3.    KİTABIN ANAFİKRİ :

 İnsan, geceyi dışarıda geçirecek olsa bile tanımadığı birisinin evinde o geceyi
gecirmemelidir. Zira rüzgarın ne taraftan eseceği belli olmaz. Bunun yanında sunu da ilave
edebilirim ki hiç tahmin edemeyeceğiniz kadar insafsız birisinin bile güçlü bir aşkın
karşısında galip gelme ihtimali yok denecek kadar azdır.
 
 4.KİTAPTAKİ OLAYLARIN VE ŞAHISLARIN DEĞERLENDİRİLMESİ :
 

Kitapta olay sayısı çok fazla ve birbirleriyle bağlantıları o kadar muhteşem olmuşki… Hiç bir
abartı yok tamamen gerçek olabilecek olaylar üzerine kurulmuş bir roman.

 Rıdvan, 29 yaşında, kadınları kendisine hayrna bırakacak kadar yakışıklı, iyi bir aile ahlakı
almış, masum bir kızın hayatını mahvetmemek için kendi hayatını feda edebilecek kadar iyi
ve sağlam bir kişiliği olan ve Nevzat’tan nefret eden bir gençtir.

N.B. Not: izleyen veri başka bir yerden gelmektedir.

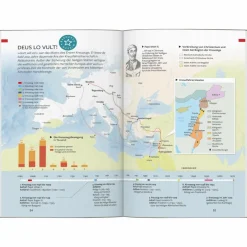 BAEDEKER REISEFÜHRER ISRAEL, PALÄSTINA^ Reiseführer Vorderasien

Nevzat, 42 yaşında olmasına rağmen, çoğu kızdan daha güzel bir yüze ve vücuda sahip ve bu
vücudu ile birlikte parasını da kullanarak istediği erkeği avucuna alabilecek kadar güçlü, aşırı
derecede soğuk kanlı ve Rıdvan’a aşık olan, ilk başlarda çok insafsız olmasına rağmen, daha
sonra iki gencin birbirlerini sevdiğini anlayınca onları affedecek kadar anlayışlı bir kadındır.

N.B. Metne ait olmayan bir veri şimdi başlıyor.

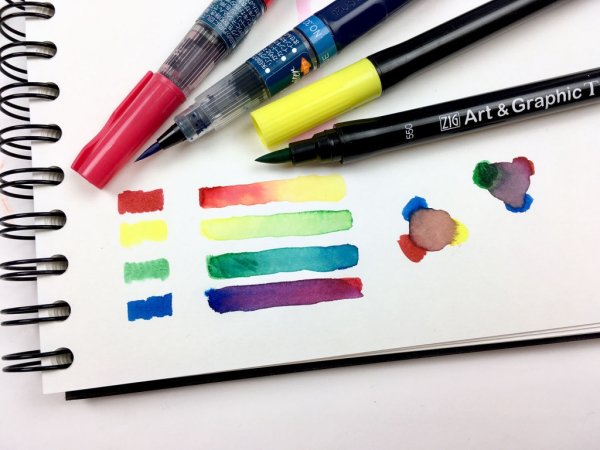 Акварельные маркеры Watercolor Brush Pen, 20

Pelin, eskiye bağlı bir ailenin çocuğu, Türk adet ve ananelerine sadık bir baba ve annenin
yetiştirdiği muhafazakar bir terbiye almış, edep ve hayaya bunların yanında da mükemmel bir
vücud ve güzelliğe sahip 20 yaşında genç bir kızdır.